KMFDM : Let Go

KMFDM Let Go review

KMFDM celebrate their fortieth anniversary by doing the same thing they’ve been doing for four decades: releasing a new album. Before diving into their 23rd record Let Go, however, let’s go ahead and get one thing out of the way. This is not an industrial album. Nor is their sole founding member Sascha Konietzko claiming this to be, as he refers to their sound as being “the Ultra Heavy Beat.” Heavy is a subjective term here, as teenagers discovering industrial music today might only have 3TEETH and Code Orange as reference points to the genre; upon hearing “Let Go,” they might think of it as some kind of kinky dance music. Which is a fair enough assumption considering the grooves to the title track have more in common with My Life With the Thrill Kill Kult’s more anthemic moments than Fear Factory.

When the guitar does come to the forefront on “Push!” it is not in the same zip code of metallic aggression they once cranked out on songs like “Light.” That was 1993, however, and this is now. Their sound has shifted over their three prior albums to make this the next logical step forward in the progression. One of the album’s strongest moments lies in the robotic tone of the dystopian “Next Move.” Still not among industrial’s most aggressive sounds, but it feels like the next best compromise. Fans who have kept abreast with KMFDM’s more recent work will likely embrace it with greater ease than someone who has not pressed play on an album since Nihil

Let Go finds KMFDM moving in an even more melodic direction that borders on pop via songs like “Airhead.” This is balanced out with songs like “Turn the Light On” which sounds like The Revolting Cocks once the cocaine wore off. The direction they’ve taken here is enough to still earn its place in DJs’ sets at most goth nights, as the majority of the songs fall within the loose boundaries of what might be defined as darkwave or future pop. Stylistic discrepancies can be argued over, but this album is anchored by the fact Sascha and Lucia are a great songwriting team. One of the album’s greatest strengths lies in the division of the vocal duties, which allows for a wider scope of moods and sonic colors to be explored. Where Lucia offers a disaffected purr, Sascha’s gruff growl provides a starker outlook. 
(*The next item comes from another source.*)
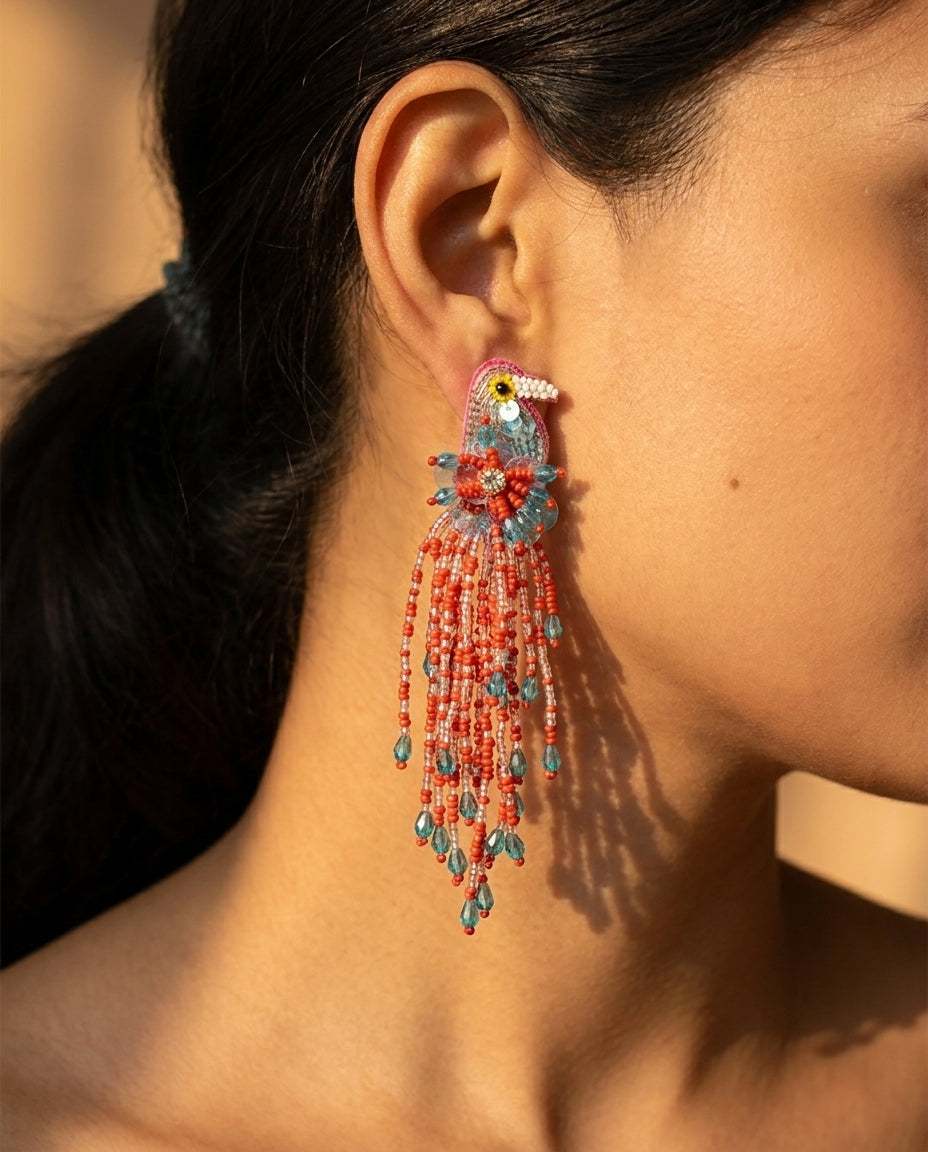 Coral Fringe Drop Earrings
They allow themselves room for ample experimentation and productive weirdness in moments like “Totem E. Eggs.” And though it’s weird by KMFDM’s standards, if Psychic TV or Alien Sex Fiend are part of your regular rotation, then this might still have a ways to go. Let Go isn’t as heavy or tense as some of KMFDM’s past work, with “WW2023” being one of its darker moments even with the dub elements. But the hook-laden songwriting makes the album stand out among an already ample catalog. Those bound by a sense of nostalgia might be inclined to dig out their Money cassettes, but Sascha and company are only moving the grooves forward here. On Let Go, KMFDM continue to challenge themselves as songwriters, showing no interest in riding on past glories.